# WORK ITEM
Below are entries; output exactly the lines from the one with "Персонализированная Складная жесткая" to the one with "Available with red", both included, and nothing else.

Scraped caption text data:
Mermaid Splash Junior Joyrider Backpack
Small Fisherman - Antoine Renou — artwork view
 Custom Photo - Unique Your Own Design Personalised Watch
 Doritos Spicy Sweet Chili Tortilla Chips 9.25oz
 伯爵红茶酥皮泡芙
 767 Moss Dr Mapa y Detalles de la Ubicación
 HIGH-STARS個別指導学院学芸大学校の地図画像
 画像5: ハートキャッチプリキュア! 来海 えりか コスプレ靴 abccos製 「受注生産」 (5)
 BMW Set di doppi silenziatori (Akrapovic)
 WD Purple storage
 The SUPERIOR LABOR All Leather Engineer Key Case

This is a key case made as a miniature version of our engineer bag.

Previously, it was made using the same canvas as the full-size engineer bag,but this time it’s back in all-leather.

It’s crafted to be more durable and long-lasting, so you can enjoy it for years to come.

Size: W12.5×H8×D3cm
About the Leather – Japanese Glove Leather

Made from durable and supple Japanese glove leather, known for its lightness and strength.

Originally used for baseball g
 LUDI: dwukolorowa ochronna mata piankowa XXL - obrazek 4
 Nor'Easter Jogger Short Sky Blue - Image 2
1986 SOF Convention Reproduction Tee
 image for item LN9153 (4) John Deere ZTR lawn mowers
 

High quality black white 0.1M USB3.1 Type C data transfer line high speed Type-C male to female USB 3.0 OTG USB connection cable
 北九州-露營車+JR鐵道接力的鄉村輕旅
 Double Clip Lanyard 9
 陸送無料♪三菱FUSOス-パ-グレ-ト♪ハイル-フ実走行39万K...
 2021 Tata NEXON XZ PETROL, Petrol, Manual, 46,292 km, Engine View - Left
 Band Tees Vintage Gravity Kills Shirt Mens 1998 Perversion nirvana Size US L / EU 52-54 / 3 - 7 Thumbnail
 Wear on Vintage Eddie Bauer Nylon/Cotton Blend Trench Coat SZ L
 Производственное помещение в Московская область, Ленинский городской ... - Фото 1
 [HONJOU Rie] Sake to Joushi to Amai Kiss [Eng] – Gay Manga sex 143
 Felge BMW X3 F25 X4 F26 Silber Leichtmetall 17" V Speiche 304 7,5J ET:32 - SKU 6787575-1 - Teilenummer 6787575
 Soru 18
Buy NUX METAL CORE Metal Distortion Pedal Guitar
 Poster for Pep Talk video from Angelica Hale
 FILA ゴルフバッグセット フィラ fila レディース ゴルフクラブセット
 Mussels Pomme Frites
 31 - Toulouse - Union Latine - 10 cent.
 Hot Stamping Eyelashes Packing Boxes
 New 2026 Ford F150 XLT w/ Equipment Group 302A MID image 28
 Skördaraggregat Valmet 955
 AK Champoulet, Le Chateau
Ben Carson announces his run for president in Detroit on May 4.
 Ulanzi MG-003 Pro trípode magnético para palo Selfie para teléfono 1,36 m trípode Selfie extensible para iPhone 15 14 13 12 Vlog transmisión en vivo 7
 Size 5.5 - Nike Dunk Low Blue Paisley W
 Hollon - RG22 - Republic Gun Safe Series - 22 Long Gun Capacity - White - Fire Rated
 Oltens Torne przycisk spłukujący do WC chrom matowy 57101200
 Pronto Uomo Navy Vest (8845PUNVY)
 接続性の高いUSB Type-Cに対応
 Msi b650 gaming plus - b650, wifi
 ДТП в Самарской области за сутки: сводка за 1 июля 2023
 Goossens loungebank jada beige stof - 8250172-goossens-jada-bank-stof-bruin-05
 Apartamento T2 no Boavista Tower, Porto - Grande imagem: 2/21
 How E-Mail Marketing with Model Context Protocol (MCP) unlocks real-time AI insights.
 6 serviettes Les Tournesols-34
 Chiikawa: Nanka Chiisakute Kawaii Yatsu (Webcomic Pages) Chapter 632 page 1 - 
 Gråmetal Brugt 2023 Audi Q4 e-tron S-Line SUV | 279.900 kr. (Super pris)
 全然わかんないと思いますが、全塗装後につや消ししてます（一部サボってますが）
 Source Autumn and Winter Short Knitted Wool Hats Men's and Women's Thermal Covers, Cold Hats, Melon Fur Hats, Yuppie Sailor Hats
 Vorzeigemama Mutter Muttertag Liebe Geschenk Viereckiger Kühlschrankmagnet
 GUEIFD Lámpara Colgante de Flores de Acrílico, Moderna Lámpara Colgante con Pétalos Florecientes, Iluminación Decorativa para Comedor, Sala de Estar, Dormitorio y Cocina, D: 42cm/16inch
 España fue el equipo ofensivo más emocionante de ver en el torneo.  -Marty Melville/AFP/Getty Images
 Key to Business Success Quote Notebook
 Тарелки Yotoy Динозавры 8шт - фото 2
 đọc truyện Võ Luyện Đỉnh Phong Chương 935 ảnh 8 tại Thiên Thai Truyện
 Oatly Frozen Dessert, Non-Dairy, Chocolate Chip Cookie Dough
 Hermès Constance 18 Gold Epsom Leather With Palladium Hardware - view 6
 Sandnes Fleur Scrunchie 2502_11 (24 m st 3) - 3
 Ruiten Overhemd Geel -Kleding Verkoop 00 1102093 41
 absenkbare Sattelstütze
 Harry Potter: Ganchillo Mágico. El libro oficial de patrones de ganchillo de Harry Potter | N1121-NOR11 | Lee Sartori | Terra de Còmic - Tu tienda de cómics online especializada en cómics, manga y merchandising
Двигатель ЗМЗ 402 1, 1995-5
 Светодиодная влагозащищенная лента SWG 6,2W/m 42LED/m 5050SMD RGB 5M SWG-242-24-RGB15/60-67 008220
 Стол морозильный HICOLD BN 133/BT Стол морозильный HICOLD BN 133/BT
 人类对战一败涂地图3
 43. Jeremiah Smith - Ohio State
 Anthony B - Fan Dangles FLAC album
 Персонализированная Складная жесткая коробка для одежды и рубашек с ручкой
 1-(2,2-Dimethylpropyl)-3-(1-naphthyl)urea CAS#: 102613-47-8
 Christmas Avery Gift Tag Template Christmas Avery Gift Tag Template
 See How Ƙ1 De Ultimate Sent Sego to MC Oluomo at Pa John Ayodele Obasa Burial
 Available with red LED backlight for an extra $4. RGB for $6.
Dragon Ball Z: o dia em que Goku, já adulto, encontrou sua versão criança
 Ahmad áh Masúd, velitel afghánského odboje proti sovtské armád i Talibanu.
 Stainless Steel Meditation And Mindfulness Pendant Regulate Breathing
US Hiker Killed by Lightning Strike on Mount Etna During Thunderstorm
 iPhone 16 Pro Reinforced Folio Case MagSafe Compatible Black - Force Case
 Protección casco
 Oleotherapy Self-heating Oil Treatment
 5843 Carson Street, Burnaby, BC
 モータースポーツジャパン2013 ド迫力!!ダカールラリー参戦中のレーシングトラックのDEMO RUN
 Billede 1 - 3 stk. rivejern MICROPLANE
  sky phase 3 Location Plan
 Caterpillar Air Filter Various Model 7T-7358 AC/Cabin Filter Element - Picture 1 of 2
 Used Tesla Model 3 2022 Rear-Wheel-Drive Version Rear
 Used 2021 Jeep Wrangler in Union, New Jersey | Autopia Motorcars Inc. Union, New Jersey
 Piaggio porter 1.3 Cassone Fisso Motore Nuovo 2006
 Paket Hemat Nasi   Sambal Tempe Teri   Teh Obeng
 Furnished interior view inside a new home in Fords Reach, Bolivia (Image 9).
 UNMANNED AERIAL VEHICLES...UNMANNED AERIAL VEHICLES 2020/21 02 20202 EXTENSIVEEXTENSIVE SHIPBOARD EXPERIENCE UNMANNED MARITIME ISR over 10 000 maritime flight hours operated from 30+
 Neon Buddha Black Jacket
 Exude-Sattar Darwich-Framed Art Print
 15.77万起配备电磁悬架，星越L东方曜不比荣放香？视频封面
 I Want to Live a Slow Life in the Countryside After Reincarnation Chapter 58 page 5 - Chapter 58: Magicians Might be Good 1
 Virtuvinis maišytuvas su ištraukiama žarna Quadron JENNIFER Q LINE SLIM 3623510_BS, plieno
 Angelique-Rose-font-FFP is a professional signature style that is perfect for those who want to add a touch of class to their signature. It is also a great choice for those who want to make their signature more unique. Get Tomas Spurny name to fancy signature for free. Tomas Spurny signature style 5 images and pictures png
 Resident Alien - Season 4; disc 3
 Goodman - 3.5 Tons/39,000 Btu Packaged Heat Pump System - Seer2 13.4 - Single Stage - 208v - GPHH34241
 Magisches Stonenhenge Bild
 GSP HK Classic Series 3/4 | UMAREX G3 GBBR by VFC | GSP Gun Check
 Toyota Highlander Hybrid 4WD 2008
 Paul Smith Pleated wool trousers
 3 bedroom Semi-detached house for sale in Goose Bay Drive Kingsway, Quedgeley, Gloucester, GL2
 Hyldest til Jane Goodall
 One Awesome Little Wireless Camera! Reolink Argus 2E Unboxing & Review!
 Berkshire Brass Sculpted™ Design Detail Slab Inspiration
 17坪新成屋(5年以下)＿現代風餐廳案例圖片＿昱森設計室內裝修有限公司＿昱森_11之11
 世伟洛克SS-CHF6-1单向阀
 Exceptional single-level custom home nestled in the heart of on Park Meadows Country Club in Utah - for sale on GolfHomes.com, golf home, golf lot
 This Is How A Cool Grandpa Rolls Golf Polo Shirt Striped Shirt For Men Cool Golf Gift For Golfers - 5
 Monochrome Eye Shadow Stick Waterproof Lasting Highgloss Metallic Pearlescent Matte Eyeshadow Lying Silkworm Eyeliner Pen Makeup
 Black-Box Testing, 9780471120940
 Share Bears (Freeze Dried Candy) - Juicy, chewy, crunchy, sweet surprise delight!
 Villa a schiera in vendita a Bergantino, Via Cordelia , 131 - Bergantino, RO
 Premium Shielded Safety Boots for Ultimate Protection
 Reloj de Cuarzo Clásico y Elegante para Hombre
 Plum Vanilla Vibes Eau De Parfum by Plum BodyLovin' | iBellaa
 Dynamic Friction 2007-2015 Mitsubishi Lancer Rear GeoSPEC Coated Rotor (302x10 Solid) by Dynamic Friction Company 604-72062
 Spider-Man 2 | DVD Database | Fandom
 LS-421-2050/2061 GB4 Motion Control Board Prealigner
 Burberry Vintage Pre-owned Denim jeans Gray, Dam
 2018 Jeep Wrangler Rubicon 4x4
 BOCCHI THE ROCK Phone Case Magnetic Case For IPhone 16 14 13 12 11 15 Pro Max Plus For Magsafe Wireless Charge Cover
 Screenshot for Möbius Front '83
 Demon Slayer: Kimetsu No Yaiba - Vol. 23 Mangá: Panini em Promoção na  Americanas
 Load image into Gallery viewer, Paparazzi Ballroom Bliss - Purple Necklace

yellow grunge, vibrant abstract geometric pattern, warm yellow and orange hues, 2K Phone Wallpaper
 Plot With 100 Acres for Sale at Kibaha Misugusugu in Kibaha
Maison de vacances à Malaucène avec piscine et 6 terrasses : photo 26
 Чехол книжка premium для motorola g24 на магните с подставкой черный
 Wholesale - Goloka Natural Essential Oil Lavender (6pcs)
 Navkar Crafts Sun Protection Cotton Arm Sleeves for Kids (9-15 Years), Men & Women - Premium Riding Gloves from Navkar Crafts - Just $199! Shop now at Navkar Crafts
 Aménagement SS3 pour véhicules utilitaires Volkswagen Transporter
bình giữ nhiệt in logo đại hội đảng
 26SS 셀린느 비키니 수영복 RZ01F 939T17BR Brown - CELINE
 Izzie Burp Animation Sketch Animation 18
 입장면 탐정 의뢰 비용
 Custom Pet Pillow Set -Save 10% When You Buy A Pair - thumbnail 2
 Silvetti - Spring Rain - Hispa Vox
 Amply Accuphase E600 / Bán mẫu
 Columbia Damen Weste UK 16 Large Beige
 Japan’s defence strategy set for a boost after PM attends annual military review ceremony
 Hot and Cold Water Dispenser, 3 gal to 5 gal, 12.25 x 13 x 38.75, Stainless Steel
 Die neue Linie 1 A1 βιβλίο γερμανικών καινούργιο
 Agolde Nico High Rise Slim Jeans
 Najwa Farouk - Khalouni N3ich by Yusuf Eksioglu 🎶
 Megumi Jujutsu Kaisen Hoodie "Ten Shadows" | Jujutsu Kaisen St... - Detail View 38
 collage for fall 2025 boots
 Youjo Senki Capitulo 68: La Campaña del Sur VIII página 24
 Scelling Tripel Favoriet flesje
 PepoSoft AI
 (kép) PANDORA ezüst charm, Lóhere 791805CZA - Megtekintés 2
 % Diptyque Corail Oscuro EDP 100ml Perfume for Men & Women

# SOLUTION FOR THIS PROBLEM
 Персонализированная Складная жесткая коробка для одежды и рубашек с ручкой
 1-(2,2-Dimethylpropyl)-3-(1-naphthyl)urea CAS#: 102613-47-8
 Christmas Avery Gift Tag Template Christmas Avery Gift Tag Template
 See How Ƙ1 De Ultimate Sent Sego to MC Oluomo at Pa John Ayodele Obasa Burial
 Available with red LED backlight for an extra $4. RGB for $6.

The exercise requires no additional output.